Distante do estereótipo da bruxa que tem um coven, um caldeirão com poções e vassouras mágicas, a bruxa de A Hora do Mal aterroiza pelo seu controle excepcional da mente e da maldade humana. Na aparência ela é uma simpática senhora, a tia Gladys (Amy Madigan, que ganhou o Critics Choice Award pelo papel), que chega para visitar a sobrinha, e ficar por um tempo, apenas uma senhora precisando de amparo nos útlimos anos de vida. Ela está doente. Excêntrica, com roupas da década de 1950 e óculos retrô, ela parece totalmente inofensiva. No entanto, a perigosa senhora é uma parasita de mentes, e veio para ficar.
O diretor Zach Cregger (Noites Brutais), revelou que uma das cenas mais impactantes do filme, quando as crianças desaparecem misteriosamente e saem correndo pelas ruas foi inspirada na fotografia “Garota Napalm” de Nick Ut, que capturou uma tragédia da Guerra do Vietnã em 1972. A imagem, que mostra uma criança vietnamita queimada correndo após um ataque aéreo. Em resumo, A Hora do Mal é um filme de terror clássico, mas que opera com o registro do terror psicológico, sem grandes efeitos especiais, totalmente centrada no trabalho dos atores. Cada cena é meticulosamente trabalhada. Somos introduzidos à história logo nas primeiras cenas, quando uma reunião escolar numa pequena cidade discute o desaparecimento de 17 crianças de uma sala de aula que estava sob responsabilidade da professora Gandy (Julia Garner), uma moça com passado conturbado. A câmera oculta o seu rosto por algum tempo, criando uma tensão. Os pais enfurecidos querem se vingar da professora, que é considerada culpada por toda a situação.
Desesperada, ela começa a investigar por conta própria, e começa pelo óbvio – somente uma criança não desapareceu, Alex (Cary Chistopher), o sobrinho da tia Gladys. Gandy vai até a casa de Alex, e se depara com uma casa escura, aparentemente vazia e fechada, e vislumbra o casal Lilly aparentemente inerte, como se tivessem se convertido em mortos vivos.
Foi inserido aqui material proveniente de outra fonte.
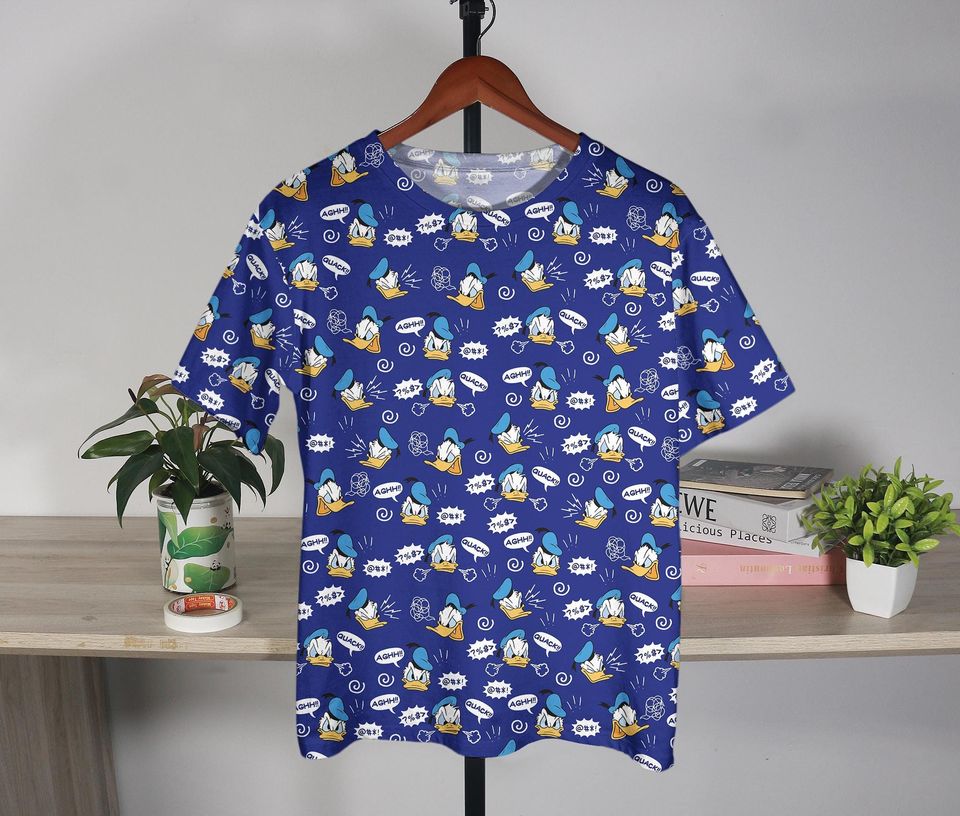 Funny Donald Duck T-Shirt, Cartoon Angry Duck Tee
Aos poucos ela ganha a confiança de outro pai de a
luno, Archer Graff (Josh Brolin).
A bruxa demora a se tornar visível em cena e na trama, mas ao chegar, de mansinho, inunda a tela e a nossa imaginação. Um trabalho de atriz experiente e denso. A professora álcoolatra de vida sexual irregular não é o monstro, embora essa fosse a solução mais fácil para todos. E Gladys tem uma característica importante, ela trabalha com os conflitos de suas vítimas. Quase uma terapeuta. Seria um azarão no páreo se ganhasse o Oscar, mas com certeza seria merecido. O tífulo original é muito mais instigante, Weapons (Armas). Tia Gladys seria capaz de montar um exército, uma seita? Talvez, já foi anunciada uma sequência.
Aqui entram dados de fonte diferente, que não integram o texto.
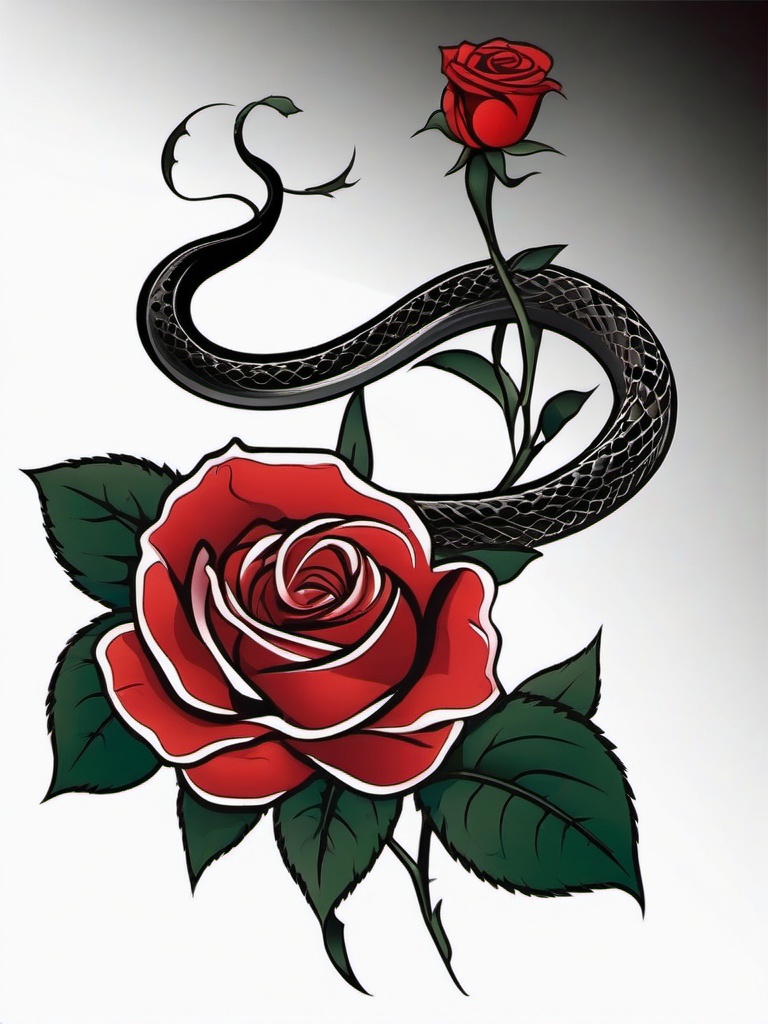 Snake Tattoo with Rose - Tattoo featuring a snake entwined with a rose.  simple vector tattoo,minimalist,white background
O aspecto rejuvenescido da tia Gladys depende dos seus súcubos. Ela se alimenta deles. Quase um ícone de uma época, no entanto, ela desarma porque sua aparência estranha provoca pena à primeira vista.
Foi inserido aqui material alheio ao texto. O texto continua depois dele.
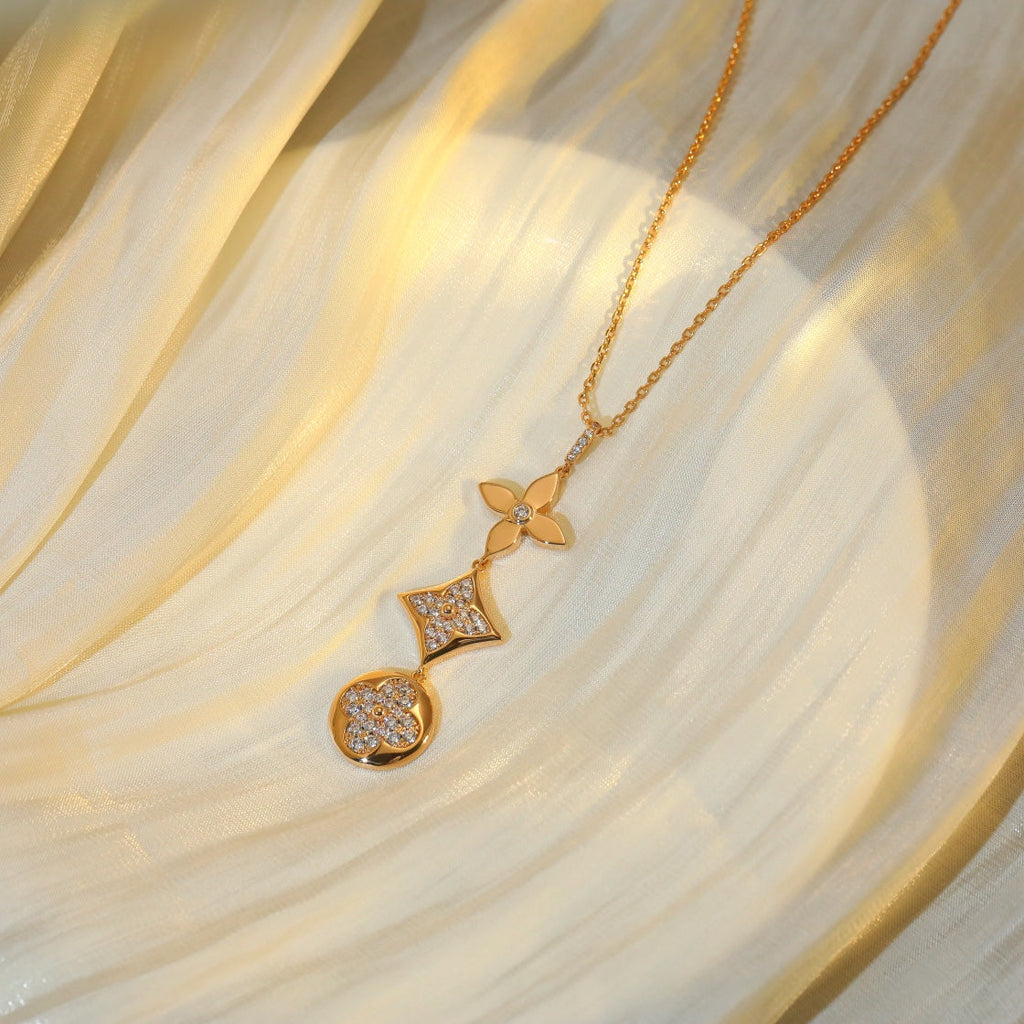 [⭐DORISW] HALSKETTE STERN UND SONNE DIAMANT ROSÉGOLD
As referências visuais da tia Gladys remetem aos trabalhos da fotógrafa Diane Arbus, por exemplo, que ficou conhecida pelas suas fotografias quadradas em preto-e-branco de pessoas comuns e marginalizadas em suas vidas cotidianas. Difícil não se compadecer de uma senhorinha que tem graves problemas de saúde e que está morrendo. Mais interessante ainda é ver uma atriz que se notabilizou por papeis em dramas familiares assumir essa função.